After decades of carrying a low profile, Canadian university hockey is making moves to score big with fans and sponsors.
The Canadian Interuniversity Athletic Union is switching its 1992-93 Nationals University Cup hockey final, scheduled to take place in March, from Varsity Arena at the University of Toronto to Maple Leaf Gardens, home of the Toronto Maple Leafs.
Television coverage of the preceding hockey season has also been increased.
The Sports Network plans to televise six games this season, twice as many as last season.
And for the first time, Jim Calder, general manager of the ciau’s hockey and Vanier Cup football programs, says the sponsorship package the ciau is offering to potential advertisers will include tv advertising.
Calder says he hopes the recent makeover of the Nationals tournament will make it more attractive to corporate sponsors.
‘It’s the old metaphor of the fish only being able to grow as large as the pond it swims in,’ he says.
In the past, the Nationals – and the young adults the games attract – have drawn sponsors such as Coca-Cola, Labatt Breweries of Canada, Sports Canada and Procter & Gamble.
For the 1992-93 ciau hockey season, Calder has a list of companies it is close to signing deals with, among them Labatt, London Life, Humpty Dumpty, Esso and General Motors of Canada.
Sponsors can buy three packages, ranging in price from $16,000 to $65,000.
A ‘basic’ package consists of board signage, game programs and schedule ads, logos and tickets.
A ‘major’ package includes the title of a specific event, a four-color ad in 100,000 copies of the ciau’s preview book, exposure on schedule cards, plus all the basic package items.
New this year is the ‘super’ package, which features most of the components of the major package plus tv spots.
Calder, who notes the ciau’s 1992-93 advertising budget of $460,000 is twice the previous year’s, says the athletic union’s efforts to raise awareness of university-level hockey are similar to its earlier efforts to improve the profile of university football.
Four years ago, the Vanier Cup, which is the championship game of the university football season, was switched from Toronto’s Varsity Stadium, which seats 18,000, to the city’s new 50,100-seat SkyDome.
Calder says that since the change in venue took place, fan support for the football final has grown dramatically from an average of 13,000 per game at Varsity Stadium to 30,000 per game at the SkyDome.
He says he hopes to see the SkyDome attendance figures increase gradually to 50,000 in five years.
Similarly, he expects hockey attendance figures will climb with the move to the 15,800-seat Gardens.
Calder predicts next spring’s final should draw about 8,000-plus fans, with further increases each year thereafter.
Previous championships held at Varsity Arena, such as the 1992 final that saw eight-time champion University of Alberta defeat Nova Scotia’s Acadia University have drawn a maximum of 4,200 fans.
Down the road, Calder would like to see more competition between Canadian and u.s. teams in order to boost college hockey’s image.
In the past, there have been only sporadic tournaments such as the Duracell Challenge.
‘The goal of the ciau advisory committee is to create an annual invitational tournament featuring top u.s. and Canadian schools,’ Calder says.
David Wilkinson of The Wilkinson Group, a Toronto-based event marketing firm, says the ciau is doing a good job of improving its image and marketing.
But Wilkinson cautions there are many sporting events available now, and as a result, sponsors are moving away from athletic events and are getting into other areas.
‘It isn’t good enough to just put together a good package,’ he says. ‘I’d be very aware of what the corporate community wants.’
‘People don’t buy sponsorships just for the sponsorship.

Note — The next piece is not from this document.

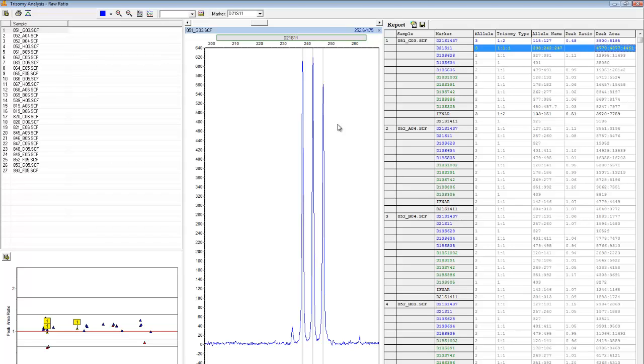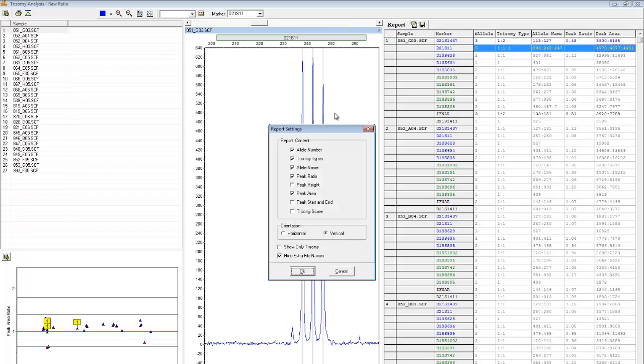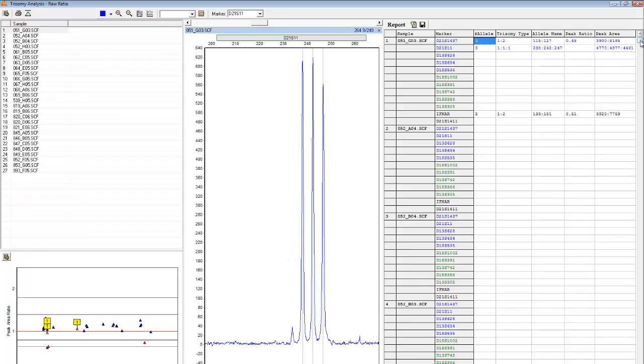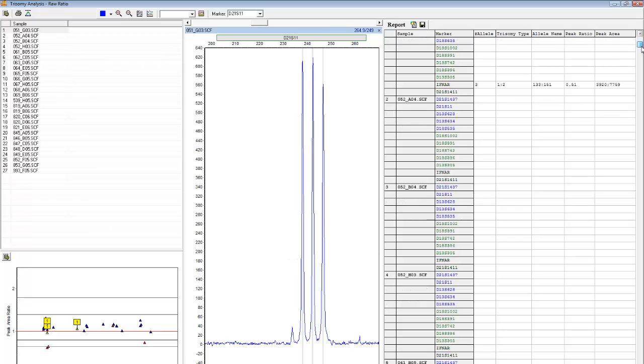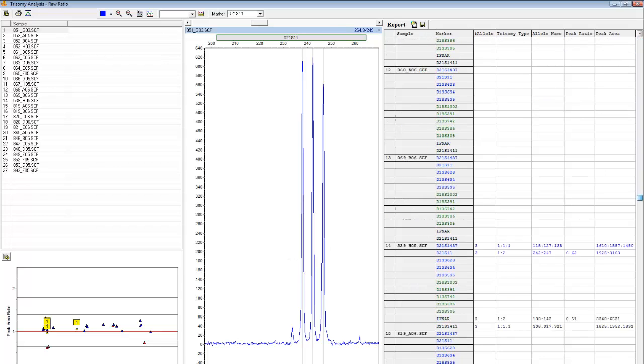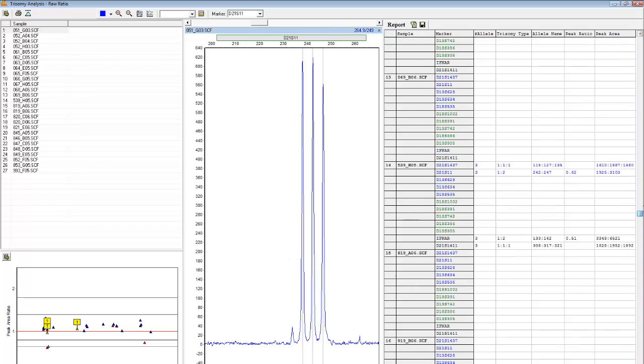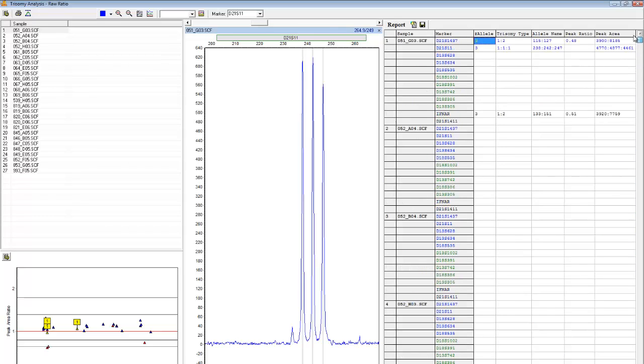The report table can be easily modified by clicking the Report Settings icon. Here there are many customizable settings. For example, I can click Show Only Trisomy, and then click OK. Now, only information for trisomic markers is being displayed. The report table can be saved as an Excel or text file by clicking on the Save Report icon.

The exposure and the tv, the tickets, the souvenir programs – that’s just the start of their buy.’
He says advertisers then develop promotional activity around the event, including poin-of-purchase material, contests or sweepstakes and trade promotions.
‘That’s the dilemma everyone in the event community faces,’ Wilkinson says.
‘They can have the greatest event in the world, but if they don’t integrate it into much deeper communication strategies, people won’t buy into it,’ he says.